Alright lets take a jump back in time!  Do you remember about your jr. year in high school?  You know when you had your first chemistry class?  Well if you don't we are about to jog your memory!

 

So back in your jr. year you most likely learned about specific heat which is the amount of energy that is needed to heat 1 gram or ml by 1 degree C.  With this information the units can be converted to lb or gallons or liters or really whatever you need.  Below is the equation for the energy needed.

 

q = (m)(C)(T₂ - T₁)

 

q = Amount of energy needed

m = Mass of what is being heated

C = The specific heat of m 

T₁ = Intial temperature

T_{2 = Desired temperature} 

(T₂ - T₁) = also modeled as delta T or the change in temperature

 

All of the above variables are known except C and q.  C can be solved for using if we knew q.  q is extremely hard to find without a full lab becuase it would involve a caloriameter.  Chances are as a homebrewer you don't have or do you need this expensive piece of equipment.  Therefore we will use the C values someone else has already found for us, no need to reinvent the wheel.  

 

Specific Heat values the Homebrewer may need

 

Methanol: 1.4 J/g/C^o

Glycerin: 2.43 J/g/C^o

Vegatable oil: 1.67 J/g/C^o

Water: 4.18 J/g/C^o

 

Methanol: .34 BTU/lb/F^o

Glycerin: .58 BTU/lb/F^o

Vegatable oil: .4 BTU/lb/F^o

Water: 1 BTU/lb/F^o

 

Now for the how to use it part.  Lets suppose bob is designing a processor.  Bob will do a 50 gallon batch in 20^o weather.

 

q = (50(8))(.4)(120)

 

The first set of parenthesis converts 50 gallons to 400 lb or oil becuase oil weighs 8 lb per gallon.  This conversion is necassary as the specific heat is BTU per lb not per gallon.  The second set of parenthesis includes the specific heat of vegatable oil which is .4.  The third set shows the temperature in which the oil needs to increase by. 

 

q = 19200 BTU

 

Therefore Bob will need 19200 BTU to hincrease the temperature of his 50 gallons of oil by 120 degrees.  Of course this figure is assuming that no heat is lost from the oil during the time period in which it is heated.
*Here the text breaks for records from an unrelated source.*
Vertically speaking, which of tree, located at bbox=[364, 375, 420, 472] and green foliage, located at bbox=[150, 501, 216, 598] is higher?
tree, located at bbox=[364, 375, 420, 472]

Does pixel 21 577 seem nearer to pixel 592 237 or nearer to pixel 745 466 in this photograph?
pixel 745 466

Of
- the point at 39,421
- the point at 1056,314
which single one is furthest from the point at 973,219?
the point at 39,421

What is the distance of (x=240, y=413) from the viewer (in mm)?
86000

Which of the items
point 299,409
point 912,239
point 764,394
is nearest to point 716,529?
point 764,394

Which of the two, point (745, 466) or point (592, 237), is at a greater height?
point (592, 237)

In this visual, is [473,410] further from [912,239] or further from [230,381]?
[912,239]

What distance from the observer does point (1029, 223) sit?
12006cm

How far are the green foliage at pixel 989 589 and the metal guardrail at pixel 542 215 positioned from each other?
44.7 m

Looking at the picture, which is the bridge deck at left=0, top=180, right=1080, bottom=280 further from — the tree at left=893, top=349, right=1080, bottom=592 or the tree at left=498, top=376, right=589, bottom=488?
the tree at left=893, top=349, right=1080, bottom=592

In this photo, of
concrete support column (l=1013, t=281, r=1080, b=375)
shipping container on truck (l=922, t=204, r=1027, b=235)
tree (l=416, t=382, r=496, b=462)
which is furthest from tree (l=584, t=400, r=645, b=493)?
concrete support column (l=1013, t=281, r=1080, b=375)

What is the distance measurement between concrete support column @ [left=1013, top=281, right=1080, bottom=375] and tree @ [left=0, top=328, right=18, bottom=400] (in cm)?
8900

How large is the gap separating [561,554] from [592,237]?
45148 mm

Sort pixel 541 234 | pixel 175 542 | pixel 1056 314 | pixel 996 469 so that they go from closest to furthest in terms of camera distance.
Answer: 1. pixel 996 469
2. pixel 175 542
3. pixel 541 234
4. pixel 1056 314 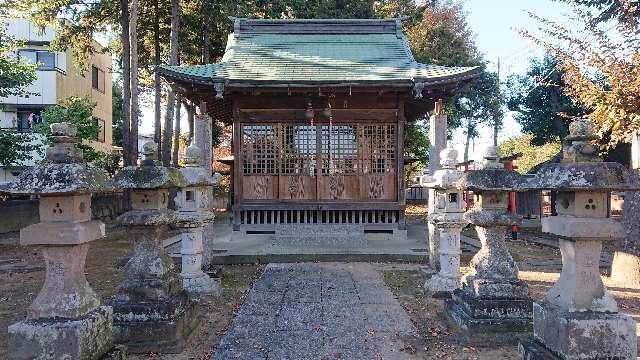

Bob will be heating this oil in a water heater which is very well insulated so we will figure a 5% energy loss.

 

19200(1.05)

 

 Therefore Bob should consider a heat source that can supply 20160 BTU.  Bob can easily find this in a gas heater but what about electricity?  And what about the amount of time in which his oil's tempature is increased by that 120 degrees.  When bob converts 20160 BTU to watts he get about 6000 watts/hr.  This means that he needs a 6000 watt heating element if he wants his 120 degree increase to happen in an hour.  If he is content with 2 hours then he only needs a 3000 watt heater.

 

I hope that this little dive into chemistry has been helpful.